Não é verdade que eles se gostam. Eles, no máximo, suportam-se mutuamente com o objetivo de não incomodar diretora da escola. Nas rixas que têm por razão os mais diversos motivos, caíam em desvantagem por culpa das mães, no passado, uma vez que agora (atribuindo isso às psicólogas de plantão) as mães unem-se a elas com o objetivo de destruir os pobres freqüentadores do banco escolar.

É bem verdade que a guerra no Oriente Médio começou logo após uma briga de Sara com Agar, professora particular. Desde então os israelenses e palestinos brigam, embora razão estivesse escondida até o momento em que foi revelada.

Outra vez, numa reunião dos pais:
-Ola mãe, seja muito bem-vinda!
-Professora Rose, infelizmente não tive com quem deixar o João, que veio comigo, acho que não tem problema, tem?
-Não mãe, sem problema algum.
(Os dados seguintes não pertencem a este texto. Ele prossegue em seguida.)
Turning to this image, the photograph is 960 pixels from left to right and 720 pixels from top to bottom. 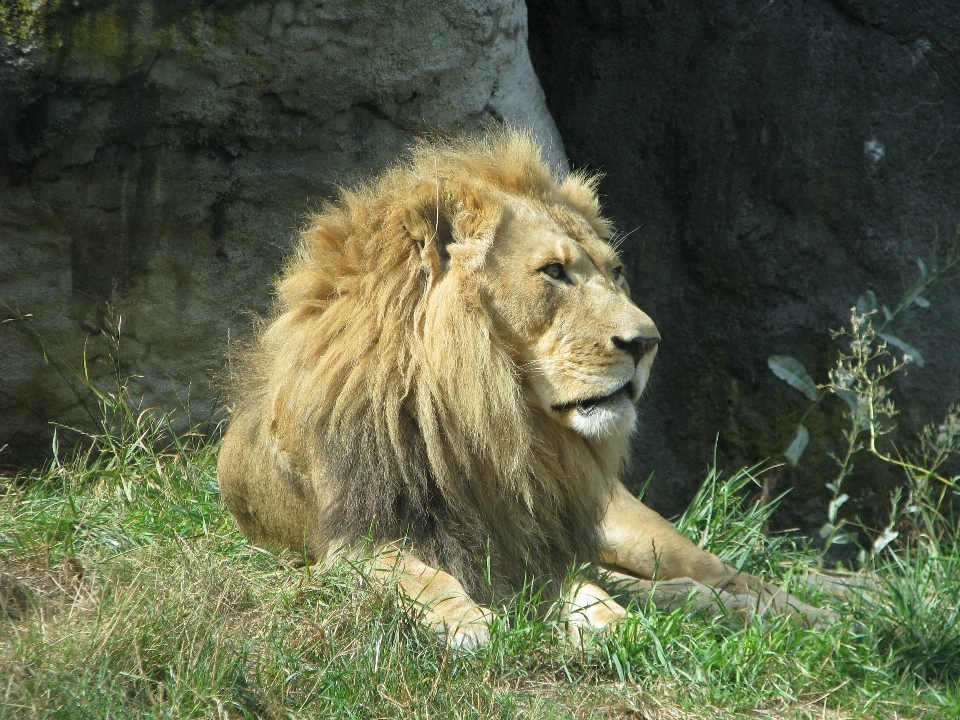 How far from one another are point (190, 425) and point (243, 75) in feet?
4.87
Sente-se e, se quiser, pegue um café.
Logo que a mãe virou-se, com o dedo no nariz do pobre garoto:
-Escuta aqui, moleque atrevido. Sente e fique bem quietinho lá no fundo. Espero não ouvir um pio seu, entendido? Se você atrapalhar minha reunião, acabo com você.
O menino nunca mais foi o mesmo.
-Então pais, vamos começar a reunião falando da importância do respeito entre os pais e mestres e os mestres e os alunos…
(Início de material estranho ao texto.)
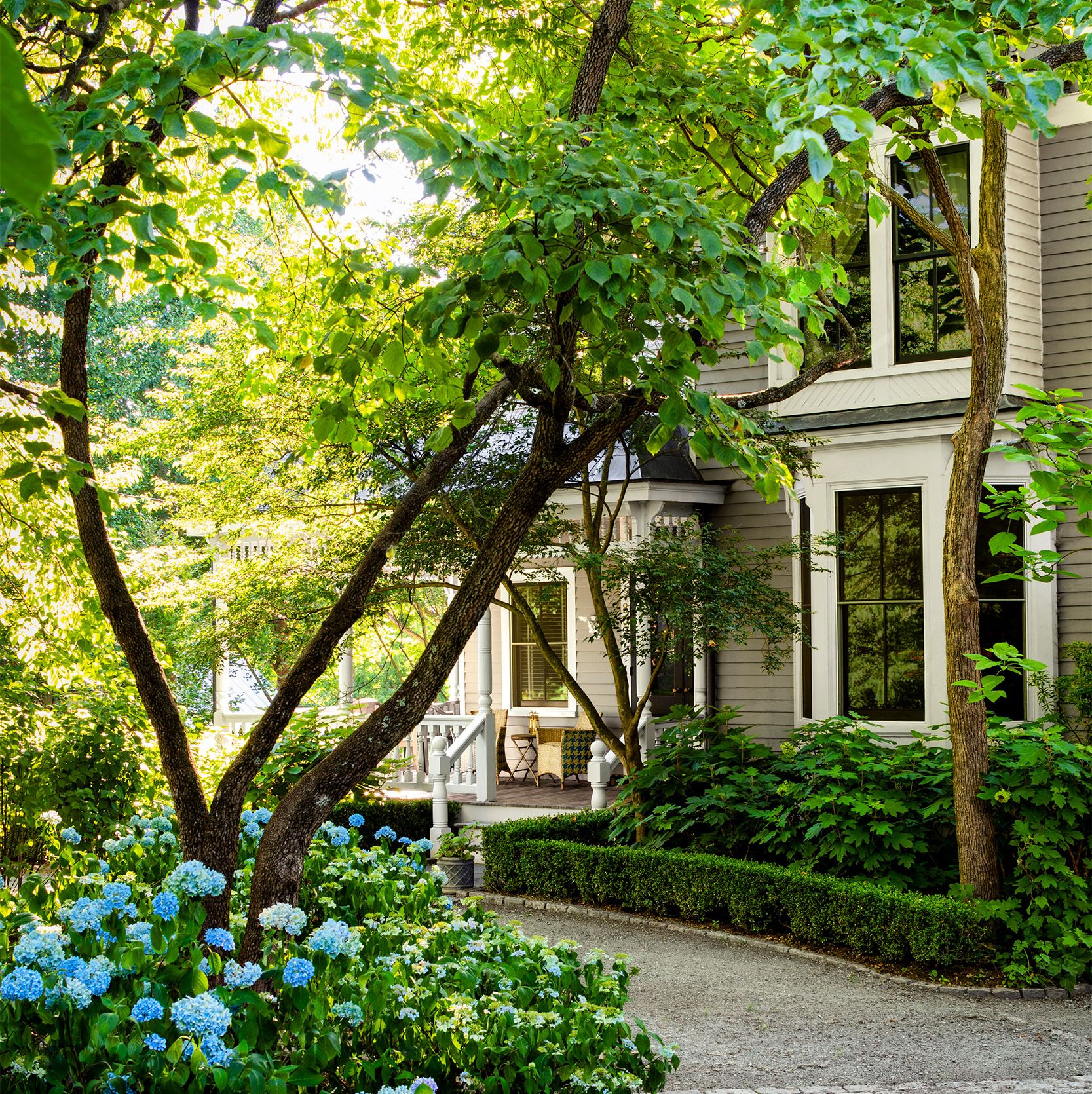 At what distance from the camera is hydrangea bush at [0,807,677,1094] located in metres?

A ironia da vida estudantil não acaba aí. Há a fase de revolta, quando você é capaz de dizer coisas inesperadas e deixa-las loucas.
-Então Darwin completou sua teoria sobre a evolução encontrando uma raiz evolutiva em comum entre homens e macacos.
-Eu não acredito.
-O que é?
-Eu não acredito no que a senhora está dizendo, oras.
-E qual a sua argumentação, senhor ousadia?
Ela já bufava.
-A senhora acredita em Deus?
-É claro que acredito.
-Então deixa eu avisar: se acredita na teoria da evolução, quando tiver um problema não diga “meu Deus”, diga “meu King Kong”!
Depois da palmatória ainda foi expulso do colégio interno.

Contítulos I

Ela chegou com a expressão derrubada, e tratou de ir direto ao assunto.
-Estou triste. Minha cadela está grávida.
-Por que triste?
-Ela está grávida do próprio irmão.

***

Filho, preste atenção: esse dólar que estou te dando é para que você deixe na carteira, assim nunca faltará dinheiro lá. O filho, com ironia profunda:
-Claro, sempre vai ter esse um dólar.

***

A professora, hermética:
-Vinícius, coloque a seguinte frase na voz passiva: “o homem leva o cão fiel onde quer”. Portanto o cão fiel é:
-Educado?

***

Paulete tentou suicídio com seu trequinho de dar choques. Ficou com torcicolo por um mês.

Paulete

Ninguém jamais imaginou que ela realmente existisse. Em histórias de crueldades dignas de filme em Hollywood ela até poderia ser um dos personagens mais maquiavélicos já imaginados. Ainda que você não acredite, ela existe. Apresento-te, pois, Paulete, a matemática sem coração.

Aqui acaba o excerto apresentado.